2001-10-31 21:57:36

by Bob Matthews

[permalink] [raw]
Subject: Stress testing 2.4.14-pre6

Hi Linus,

We've been doing some stress-testing on 2.4.14-pre6 and have encountered
a couple of problems. The platform is an 8xPIII with 8G RAM and 32G
swap. After running Cerberus for about 3 hours, the machine hung
completely. I was not able to switch VC's.

Unfortunately, this is as detailed a bug report as I can submit. It
looks like Magic SysRq is broken in this kernel. <alt><SysRq>T will
print the column headings but nothing else.
--
Bob Matthews
Red Hat, Inc.


2001-11-01 00:33:45

by Alan

[permalink] [raw]
Subject: Re: Stress testing 2.4.14-pre6

> Unfortunately, this is as detailed a bug report as I can submit. It
> looks like Magic SysRq is broken in this kernel. <alt><SysRq>T will
> print the column headings but nothing else.

Thats consistent with memory corruption trashig the task list

2001-11-01 16:27:01

by Linus Torvalds

[permalink] [raw]
Subject: Re: Stress testing 2.4.14-pre6

In article <[email protected]>,
Bob Matthews <[email protected]> wrote:
>Hi Linus,
>
>We've been doing some stress-testing on 2.4.14-pre6 and have encountered
>a couple of problems. The platform is an 8xPIII with 8G RAM and 32G
>swap. After running Cerberus for about 3 hours, the machine hung
>completely. I was not able to switch VC's.

There is some race somewhere - I've found one interrupt race (that
actually seems to exist in the 2.2.x VM too, but is probably _much_
harder to trigger where an interrupt at _just_ the right time will
corrupt the per-process local page list. That looks so unlikely that I
doubt that is it, but I'm looking for others (the irq one wasn't even a
SMP race - it's on UP too, surprise surprise).

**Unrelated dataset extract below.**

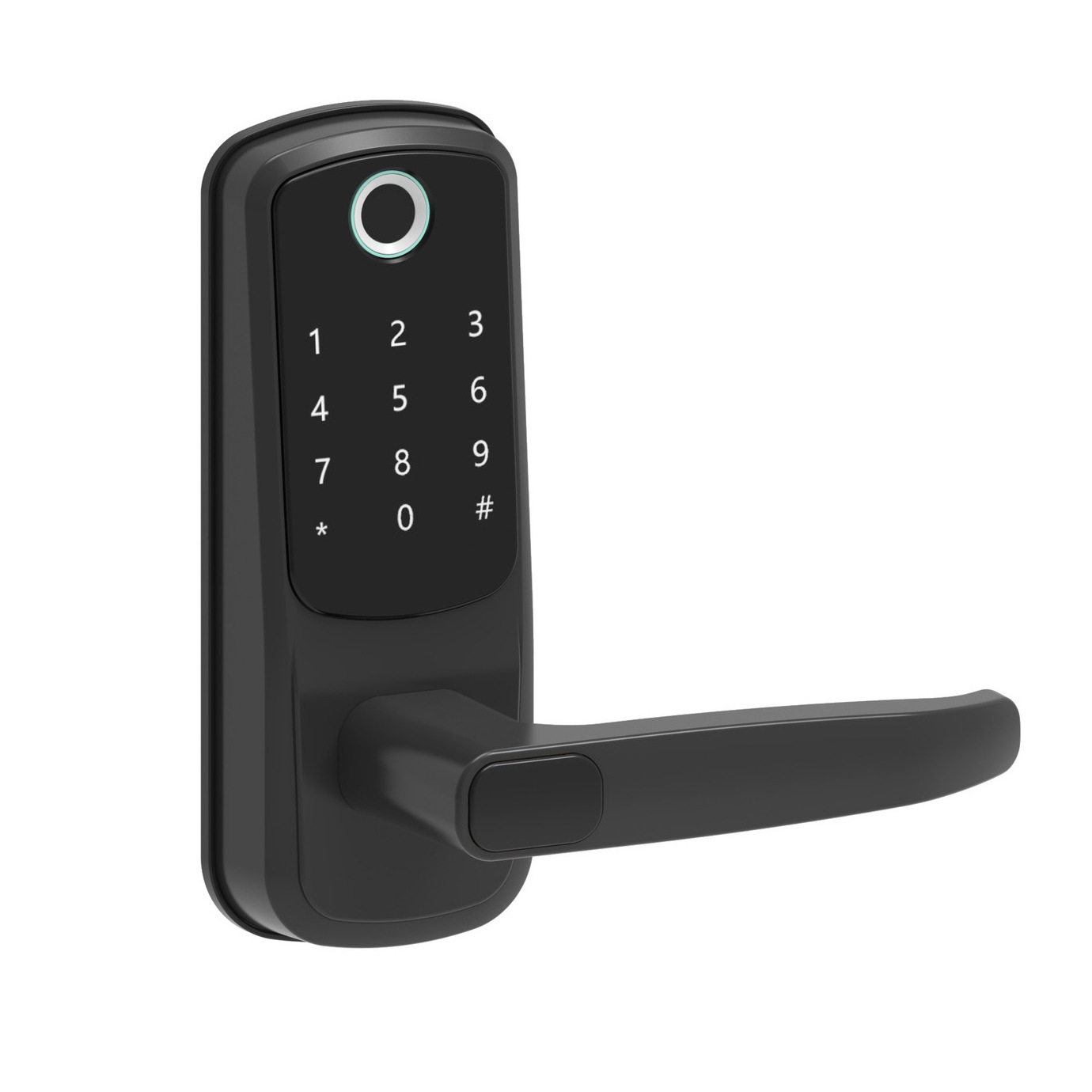 High Security Level Multifunctional Wifi Password Card Smart Lock for Rental Property Management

Working on it, in other words.

Linus

2001-11-01 17:01:34

by Marcelo Tosatti

[permalink] [raw]
Subject: Re: Stress testing 2.4.14-pre6



On Thu, 1 Nov 2001, Linus Torvalds wrote:

> In article <[email protected]>,
> Bob Matthews <[email protected]> wrote:
> >Hi Linus,
> >
> >We've been doing some stress-testing on 2.4.14-pre6 and have encountered
> >a couple of problems. The platform is an 8xPIII with 8G RAM and 32G
> >swap. After running Cerberus for about 3 hours, the machine hung
> >completely. I was not able to switch VC's.
>
> There is some race somewhere - I've found one interrupt race (that
> actually seems to exist in the 2.2.x VM too, but is probably _much_
> harder to trigger where an interrupt at _just_ the right time will
> corrupt the per-process local page list. That looks so unlikely that I
> doubt that is it, but I'm looking for others (the irq one wasn't even a
> SMP race - it's on UP too, surprise surprise).
>
> Working on it, in other words.

Would you mind to describe this race?

Thanks


2001-11-01 17:11:45

by Linus Torvalds

[permalink] [raw]
Subject: Re: Stress testing 2.4.14-pre6


On Thu, 1 Nov 2001, Marcelo Tosatti wrote:
> >
> > There is some race somewhere - I've found one interrupt race (that
> > actually seems to exist in the 2.2.x VM too, but is probably _much_
> > harder to trigger where an interrupt at _just_ the right time will
> > corrupt the per-process local page list. That looks so unlikely that I
> > doubt that is it, but I'm looking for others (the irq one wasn't even a
> > SMP race - it's on UP too, surprise surprise).
> >
> > Working on it, in other words.
>
> Would you mind to describe this race?

Both 2.2.x and the new VM (which, through Andrea, has a lot of the same
things) have this notion of a per-process "free pages list" that it
replenished by any freeing that the process does itself when it gets into
the "try_to_free_memory()" path.

The trigger for refilling this list is "current->flags & PF_FREE_PAGES".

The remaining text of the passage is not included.